**Action item:**
Everything in the listing below should be written out again exactly, except the pictures.

START Supplied information

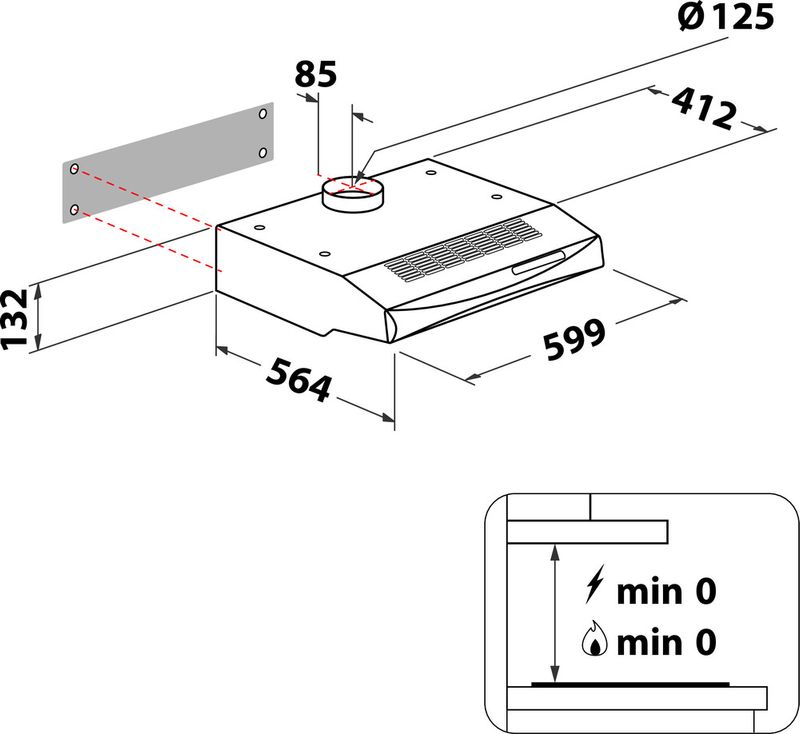 Whirlpool-Hotte-Encastrable-WCN-65-FLK-Noir-Mural-Mecanique-Technical-drawing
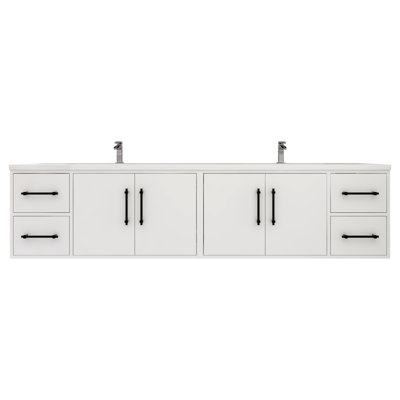Meuble-lavabo mural 84 po avec double évier en acrylique renforcé Victoria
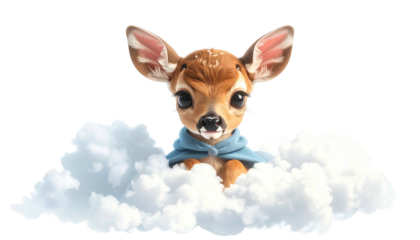 Adorable fawn with big eyes peeking out from a fluffy cloud, wearing a cape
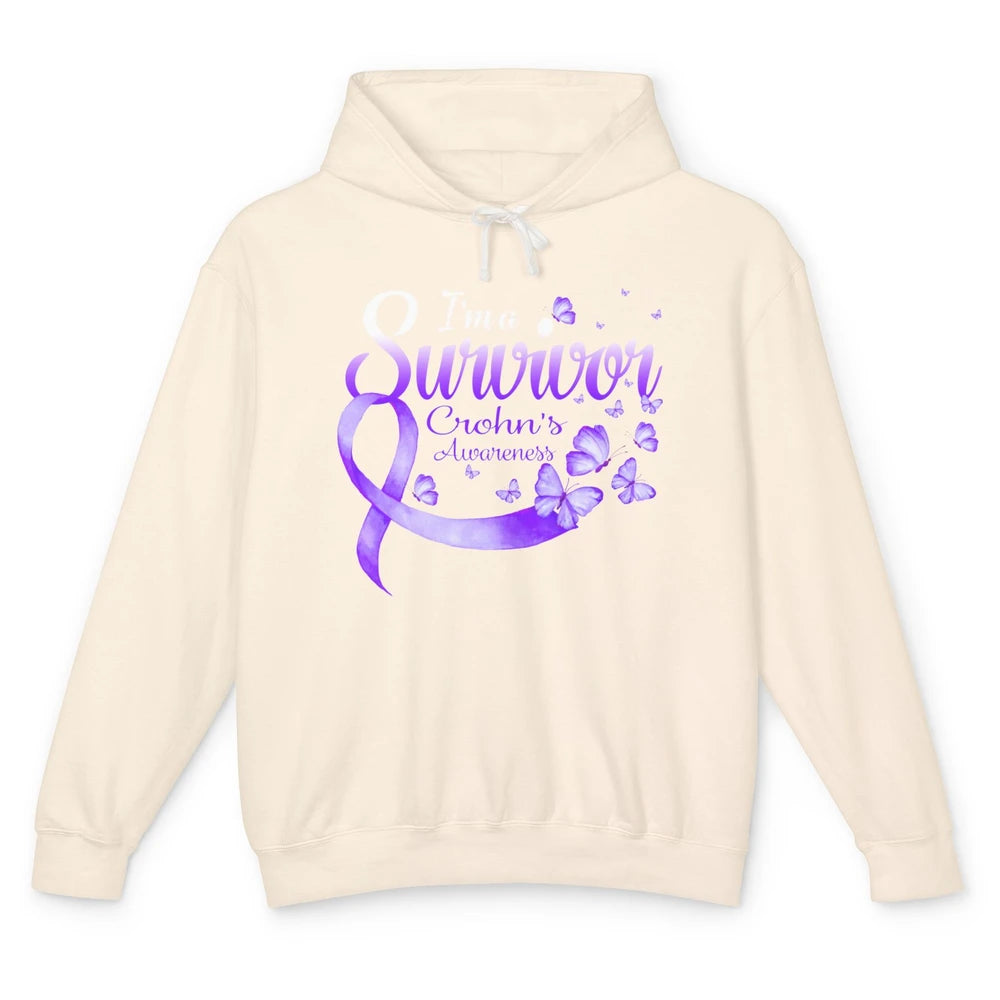 Survivor Butterfly Ribbon Warrior Crohns Disease Awareness Unisex Lightweight Hoodie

END Supplied information

**Result of the task:**
 Whirlpool-Hotte-Encastrable-WCN-65-FLK-Noir-Mural-Mecanique-Technical-drawing
Meuble-lavabo mural 84 po avec double évier en acrylique renforcé Victoria
 Adorable fawn with big eyes peeking out from a fluffy cloud, wearing a cape
 Survivor Butterfly Ribbon Warrior Crohns Disease Awareness Unisex Lightweight Hoodie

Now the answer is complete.